Celebrating freedoms, fighting for equality
Juneteenth — short for “June Nineteenth” — is an annual holiday in African American communities that commemorates the symbolic end of slavery in Texas. Also known as Emancipation Day, Freedom Day, Jubilee Day or Liberation Day, Juneteenth is observed primarily in local celebrations nationwide and also serves as an occasion to reflect on social, political, cultural, and economic progress of African Americans.
HISTORY
On June 19, 1865 — some two months after Lee’s surrender at Appomattox, Virginia, effectively ending the Civil War — Union general Gordon Granger arrived at U.S. Army headquarters in Galveston, Texas and read General Order No. 3, which states:
The people of Texas are informed that, in accordance with a proclamation from the Executive of the United States, all slaves are free. This involves an absolute equality of personal rights and rights of property between former masters and slaves, and the connection heretofore existing between them becomes that between employer and hired labor. The freedmen are advised to remain quietly at their present homes and work for wages. They are informed that they will not be allowed to collect at military posts and that they will not be supported in idleness either there or elsewhere.”
Gen. Granger’s order referenced the Emancipation Proclamation, penned by Abraham Lincoln on September 22, 1862, that freed enslaved people in the states and counties “in rebellion” during the Civil War. Slavery was still legal in Missouri, Kansas, Kentucky, Tennessee, Maryland, Delaware, and parts of Louisiana.
While its purpose was to gain military advantage and its scope was limited, the Emancipation Proclamation shaped a new sense of justice and moral imperative for the country. Even though the proclamation took effect January 1, 1863, emancipation was enforced gradually as the Union Army advanced. It took nearly three years for the news of the proclamation, and freedom, to reach Texas.

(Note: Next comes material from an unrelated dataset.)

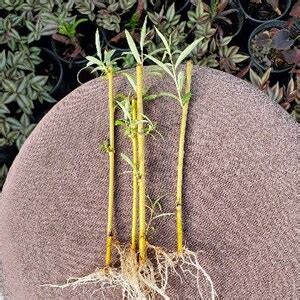 1 Rooted Weeping Willow Tree Cutting Salix Babylonia Great Etsy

While the order guaranteed freedom and affirmed equality between “masters and slaves,” the prejudicial language in the last sentences signaled that the fight for equality would continue. In fact, the enslaved in Delaware and Kentucky were not freed until the passage of the 13th Amendment in December, 1865. Two Texas Supreme Court rulings in 1868 and 1874 finally gave legal status to freed African Americans.
CELEBRATIONS
In Texas, African Americans gathered as soon as 1866 to celebrate their freedom. In Houston, newly freed African Americans settled in Freedman’s Town (now 4th Ward) among other locales, building homes, churches, schools and businesses. By 1872, local leaders raised funds to purchase a ten acre tract of land east of Downtown (Emancipation Park) to celebrate Juneteenth. Houston’s annual celebrations drew thousands.
Juneteenth celebrations spread across the South and eventually all over the nation as African Americans migrated north and west to pursue economic opportunities and to flee the injustices of segregation.

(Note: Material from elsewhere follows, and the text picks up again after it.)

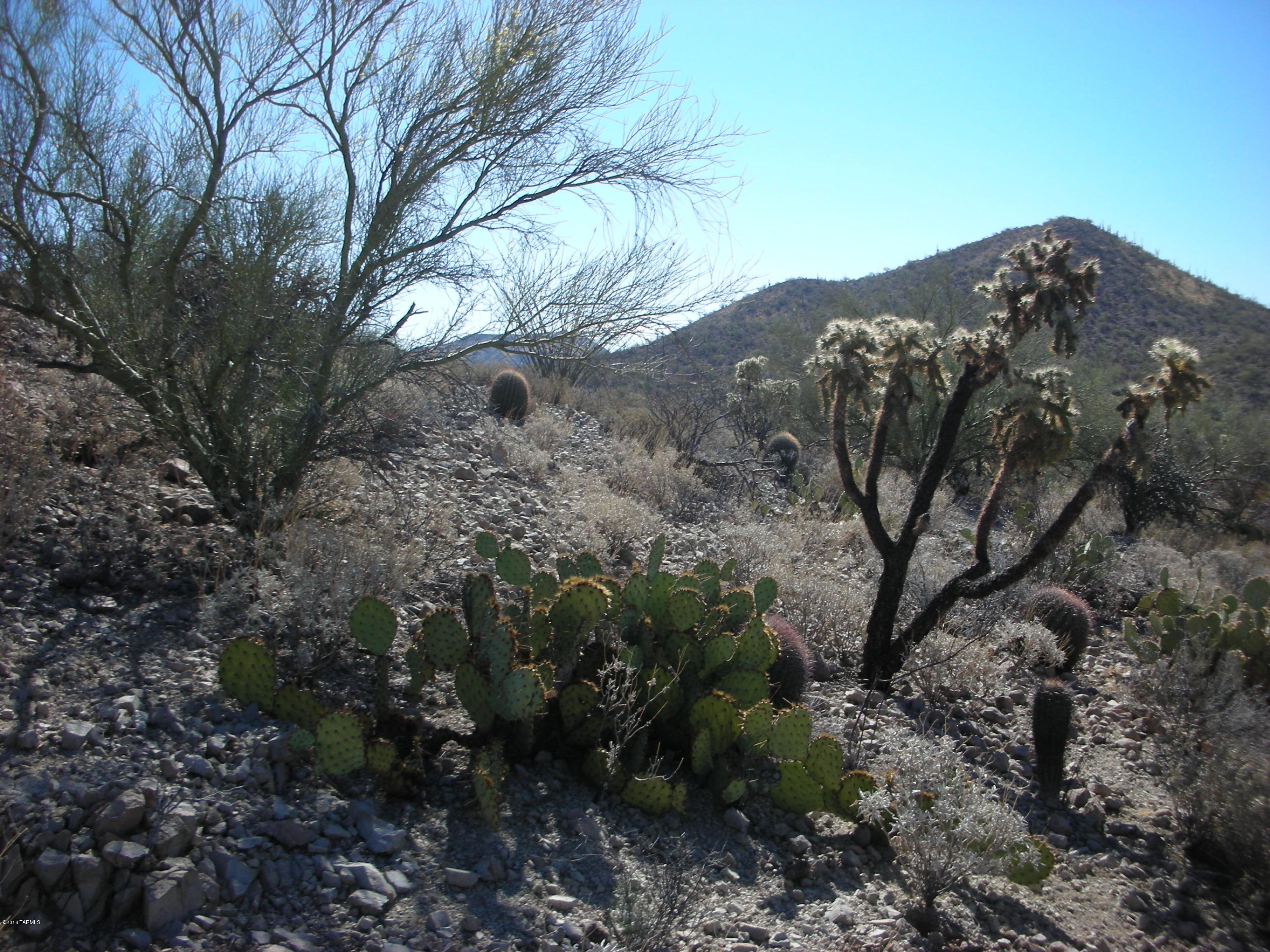 Coyote Pass Amended - Land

Texas was the first state to recognize Juneteenth as a state holiday in 1979; currently all states but Hawaii and North and South Dakota observe or commemorate the day. Juneteenth became a national federal holiday June 17, 2021. Modern celebrations include street fairs, parades, rodeos, cookouts, family reunions, historical reenactments, and Miss Juneteenth contests.
The Museum has celebrated Juneteenth for nearly two decades by producing Juneteenth posters, based on works by Master Printer Charles Criner, with a gracious multi-year sponsorship from Heidelberg USA. Each poster evokes the spirit of Juneteenth and conveys the continued significance of this momentous event in American history.